A 2012 report for the UK’s Department of Energy and Climate Change looked at the risks of carbon leakage from sites in the North Sea. The report acknowledged that there is considerable uncertainty over some of the risks, notably from faulting. But even the upper end of their assessments saw only a very small percentage of carbon dioxide leaking out. The report concludes: “Overall, the risk of experiencing a leak over the anticipated lifetime of a storage site is considered to be very low and the magnitude of any associated carbon dioxide loss is estimated to be low and manageable through existing and proven corrective measures.”
What is the risk of industrial accidents?
Transporting large amounts of any gas holds the potential for accidents. A sudden pipeline failure could release a cloud of gas, and because carbon dioxide is denser than air it would stay close to the ground and settle in any depressions with potential for asphyxiation. But the risk assessment and safety measures deployed by the industry are well developed, with CCUS projects running safely for decades. Where there are innovations such as carbon dioxide shipping, engineers have developed tanks with thick walls made of special high-tensile nickel steel alloy to cope with the high pressure and density.
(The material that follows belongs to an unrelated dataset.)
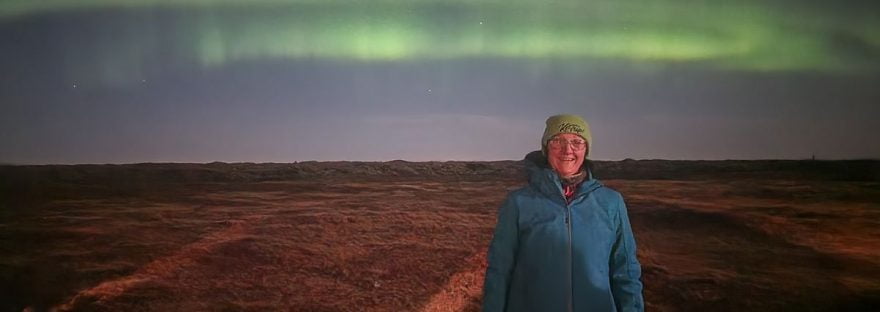 aurora boreale in Islanda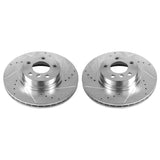 Power Stop 11-17 BMW X3 Front Evolution Drilled & Slotted Rotors - Pair - EBR1238XPR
A 2009 IEA study concluded that “the industry has sufficient experience…to conduct CCS operations safely”. The UK’s Health and Safety Executive comes to a similar conclusion: “where the risks are properly controlled the likelihood of a major hazard incident is expected to be very low, as in other similar processes in the energy, chemical and pipeline industries.” As the industry scales up, stakeholders will conduct further research into safety.